Montag, 18. Juli 2016

37°2 Le Matin - Betty Blue: 37,2 Grad am Morgen (Director's Cut) (1986)

http://www.imdb.com/title/tt0090563/

Zorg (Jean-Hugues Anglade) ist Schriftsteller und arbeitet in einer Feriensiedlung in Südfrankreich an einem neuen Manuskript. Eines Tages taucht die junge Frau Betty (Béatrice Dalle) bei ihm auf und lebt fortan bei ihm. Nachdem die selbstbewusste Frau sein Manuskript gelesen hat, tippt sie das Handgeschriebene kurzerhand ab, um es an verschiedene Verlage zu schicken. Leider scheint zunächst niemand Interesse an seinem Buch zu haben und als sie schließlich umziehen, nimmt er einen Job als Klavierverkäufer an. Betty wird schwanger, verliert jedoch das Kind und damit ihren Halt. Nachdem ihr immer unkontrollierteres Verhalten in Selbstverstümmelung gipfelt, wird sie in eine Anstalt eingewiesen und für verrückt erklärt. Zorgs Buch findet schließlich doch einen Verleger, doch sein Schmerz um den Verlust von Betty lässt ihm keine Ruhe und so sucht er nach einem Weg sie aus der Anstalt herauszuholen.

Jean-Jacques Beineix liefert fünf Jahre nach seinem gefeierten Debüt "Diva" einen für 1986  nicht ganz unumstrittenen Film ab. "Betty Blue: 37,2 Grad am Morgen" ist ein Film, der etwas in seinem Zuschauer auslösen kann, nur weil das Verhalten der von Béatrice Dalle so authentisch belebten weiblichen Hauptfigur so anders ist. Sie beherrscht sich nicht und ist damit dampfend vor sexueller Betörung Antrieb des bitteren Zerfalls einer kurzlebigen Synthese vor wechselnden, artifiziellen Motiven. Die Darstellung einer sehr komplexen Persönlichkeit, eben dieser Betty, weckt von Beginn an das Interesse des Zuschauers. Sie ist sehr sexy und überhaupt nicht angepasst, neigt zu Gewalttätigkeit und bleibt sich dabei immer treu. Und ist verliebt bis über beide Ohren. Und wie man rasch bemerkt, kann die absolute Liebe zu Zorg (Jean-Hugues Anglade) sie in den Wahnsinn treiben. Aber weil es absolute Liebe ist, bedeutet der Wahnsinn eben nicht das Ende.

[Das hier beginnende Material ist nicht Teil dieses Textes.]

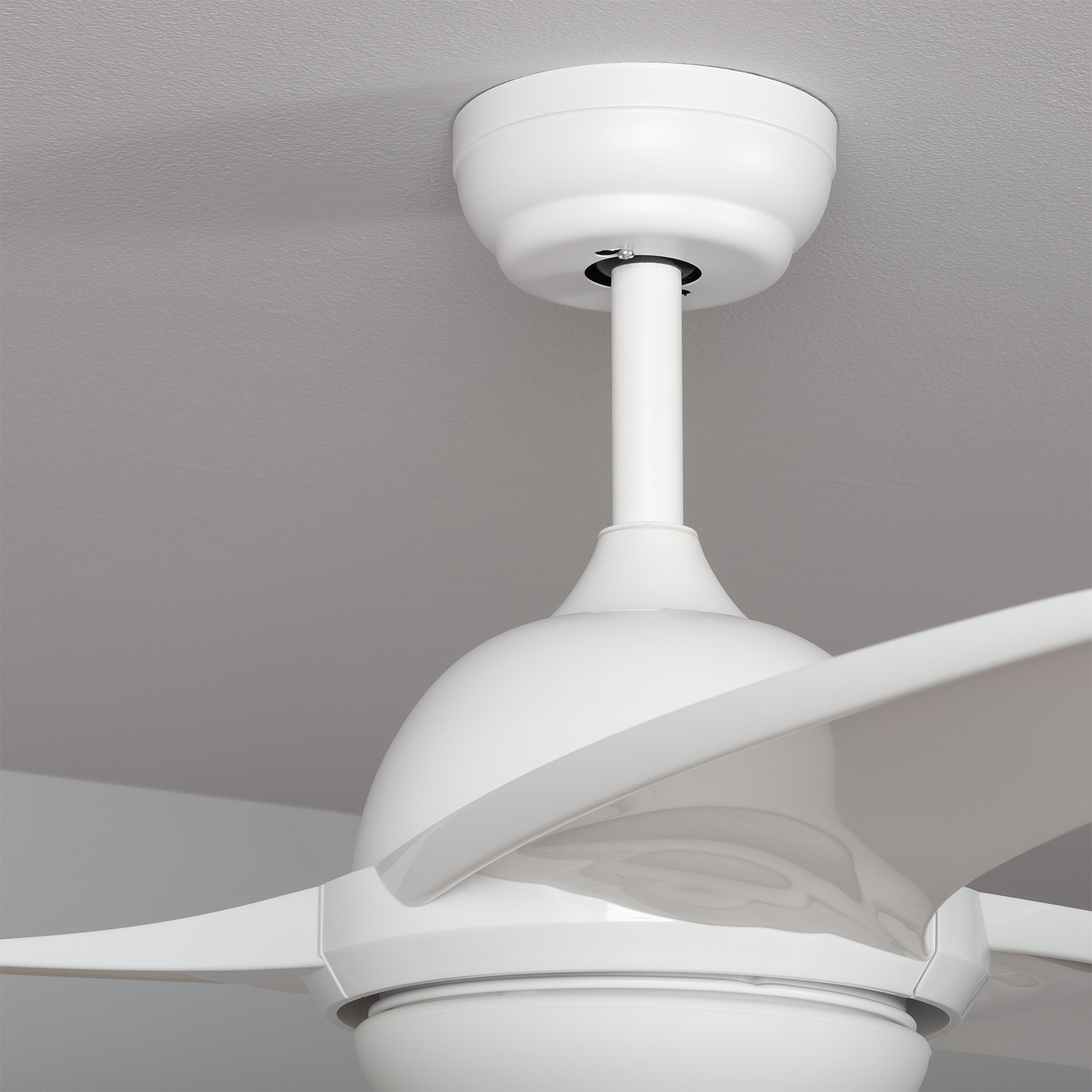 Ventilatore da soffitto bianco con tre pale curve contro un soffitto grigio.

Zu großen Teilen wird die Geschichte von Zorg aus dem Off erzählt. Zu Beginn hat er gerade die junge Betty kennengelernt und schon jetzt besteht ihr gemeinsames Leben zu großen Teilen aus zärtlicher Zweisamkeit, bei deren Darstellung sich der Film auch nie zurücknimmt. Die langsame, im Director's Cut über 180 Minuten lange Geschichte lebt zu großen Teilen von der gelungenen Chemie der beiden Hauptdarsteller, die über weite Strecken gemeinsam agieren und ein Gefühl von leichtlebiger Ungehemmtheit auf den Zuschauer übertragen. Auch wenn inhaltlich nicht sonderlich viel passiert, schaffen es die beiden Figuren den Betrachter mit ihren ehrlichen Emotionen bei der Stange zu halten. Überhaupt lebt "Betty Blue: 37.2 Grad am Morgen" nicht von der zugegeben sehr minimalistischen Geschichte, sondern von der völlig eigensinnigen und gerade deswegen fesselnden Stimmung, die der Film ausstrahlt. Und dann gibt es in diesem Drama auch noch jene Szenen, in denen man sogar schmunzeln kann, weil sie herrlich skurril und abgehoben sind.

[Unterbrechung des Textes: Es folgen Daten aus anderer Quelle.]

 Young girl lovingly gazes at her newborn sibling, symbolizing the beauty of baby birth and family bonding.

Die grandiose Kameraarbeit unterstützt dies alles enorm. Sonnengeflutete Bilder voller lebensbejahender Helligkeit stehen spärlich beleuchteten Wohnungsaufnahmen voll mit angestauten Emotionen gegenüber. Obwohl den Titelfiguren wenig gelingt was sie anpacken, scheinen sie ihre Lebensfreude nie zu verlieren. Sie haben sich selbst und das scheint ihnen zu reichen. Bis kurz vor Schluss, denn dann bricht der Film plötzlich und bewegt sich in ein völlig anderes Terrain. Dahin sind urplötzlich die leichtfüßige Art und die eigensinnige Stimmung. Das Ende ist tatsächlich ein harter Bruch, jedoch fragt man sich unwillkürlich wie der Film auch anders hätte enden können wenn nicht so? Denn das Ende bereitet erneut der Mensch und kann sich doch nicht ganz befreien.

8/10

Von CAPELIGHT PICTURES kam der Film als Erstauflage im limitierten Mediabook. Dieses enthält erstmals in Deutschland den Director's Cut in HD.